Network neutrality is a very important issue that suffers from terrible branding. “It’s one of those names that kind of glides by you, it doesn’t generate a lot of interest,” says David Placek, founder of Lexicon Branding. “I would really consider thinking about a new phrase.” But what?
Coined by Columbia law professor Tim Wu, net neutrality refers to the principal that Internet service providers treat all content, websites, and platforms equally. It’s a principle that may now be dead: Last week a federal appeals court struck down the Federal Communication Commission’s net neutrality rules, opening the doors for providers to charge companies such as Netflix fees for faster, more seamless streaming. Consumer advocates say those costs may be passed on to customers, and that the ruling may result in a tiered Internet whose providers can even block websites at will.

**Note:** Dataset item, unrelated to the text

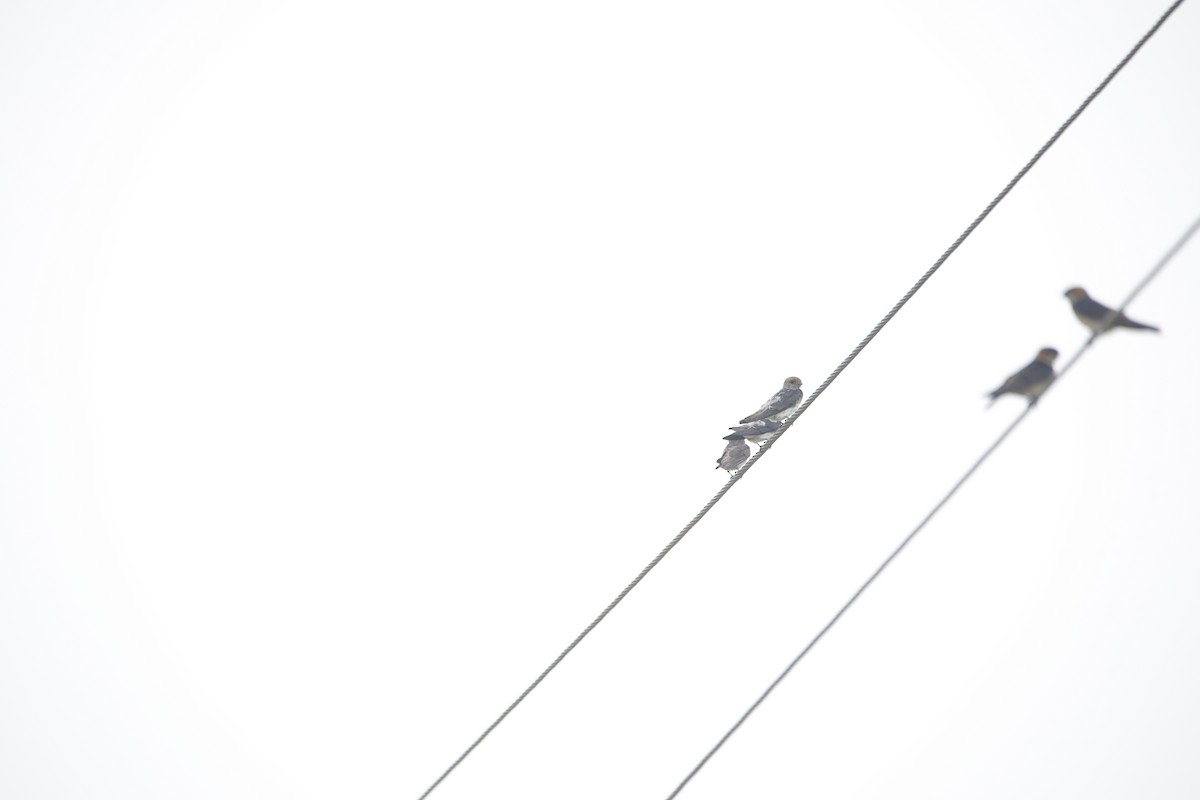 Streak-throated Swallow - ML638022013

The court decision has far-reaching implications, but most people aren’t paying attention. ”As advocates, [net neutrality is] a horrible term to organize around,” admits Timothy Karr, senior director of strategy at Free Press, a group that promotes universal, affordable access to the Internet. When Free Press originally began pushing the term in 2006, he says, “even Ariana Huffington wrote and said: This is an important issue, but net neutrality is a horrible term.”

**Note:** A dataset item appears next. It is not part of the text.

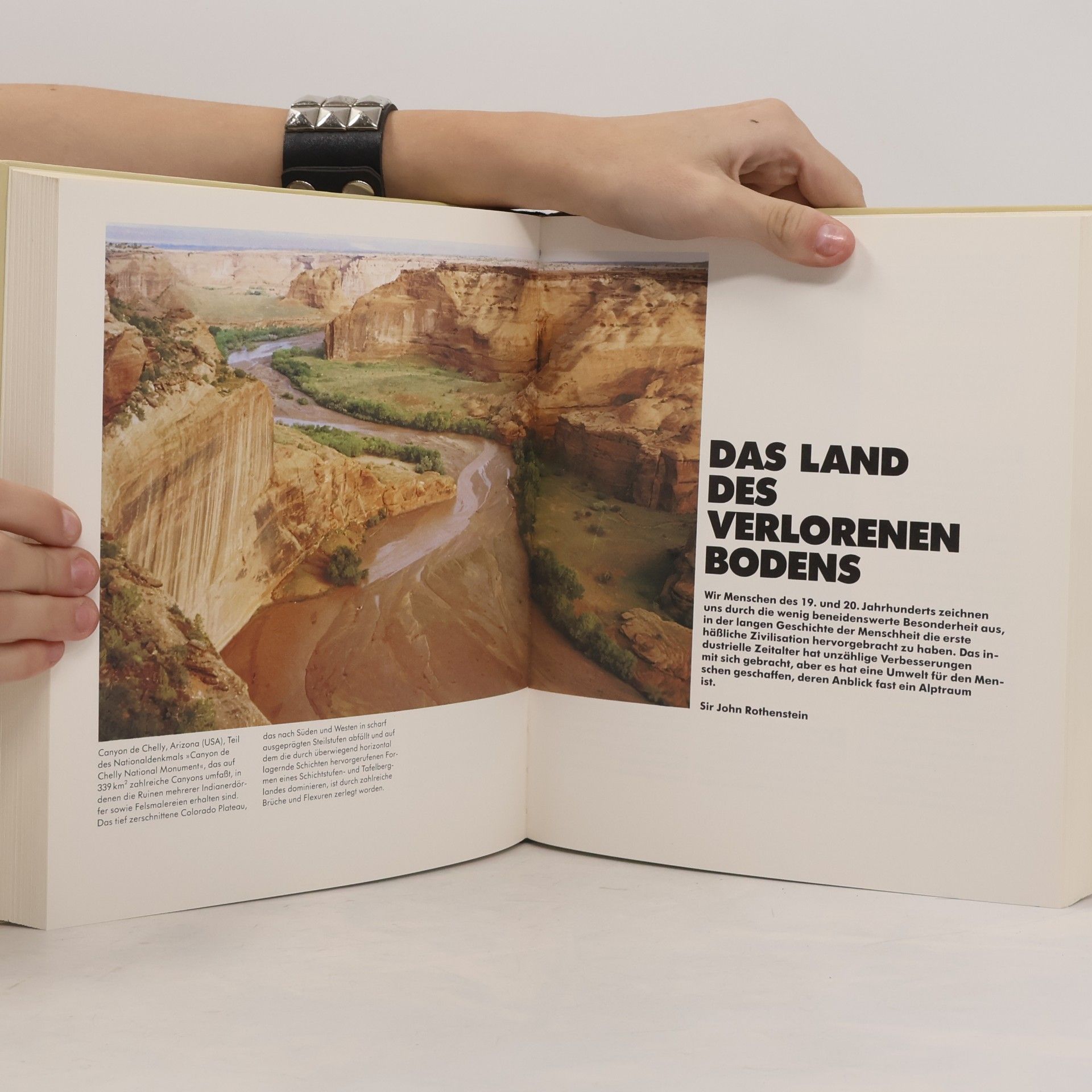 John Seymour Fern vom Garten Eden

To everyone’s surprise, the term caught on (to an extent), quickly gaining supporters. A handful of artists and comedians began promoting the cause. Still, Karr says that these days, “a vast majority of people wouldn’t be able to tell you what net neutrality is.” Over the years, Free Press considered replacing the term with “Internet freedom” or “equal opportunity Internet” but decided to stick with net neutrality.
Branding expert Placek says advocates should not be complacent. The issue “is really about fairness and unfairness,” he says. “‘Neutral’ just means that nobody is going to get hurt, but it doesn’t mean that it will necessarily be fair.” A far better phrase, says Placek, would be “net equality.” ”It sounds like it’s a new concept that we have to think about,” he says. “I purposely went from [words like] openness, freedom, free, fairness, to a stronger term.”
Placek isn’t surprised that phrases like ”equal opportunity Internet” didn’t take. “That would, I think, be worse than net neutrality,” he says. “Equal opportunity is just an old phrase—it’s been used, done.” As for Internet freedom: “My initial reaction is, well, the Internet is already free; you’re not moving my interest needle at all.”
Getting the right wording, Placek says, could make a world of difference. By way of example, he points out that even the phenomenal concept of black holes in space didn’t awaken public interest until scientists began referring to them as “black holes,” rather than “gravitationally completely collapsed objects.”
He suspects that introducing net equality to the policy discussion would not be difficult, especially in an age when the issue of equality is so much in the public spotlight. ”Net neutrality is not going away. I think it would take a few years for it to be totally replaced,” he says. “But my point is that more people will be interested and involved with net equality.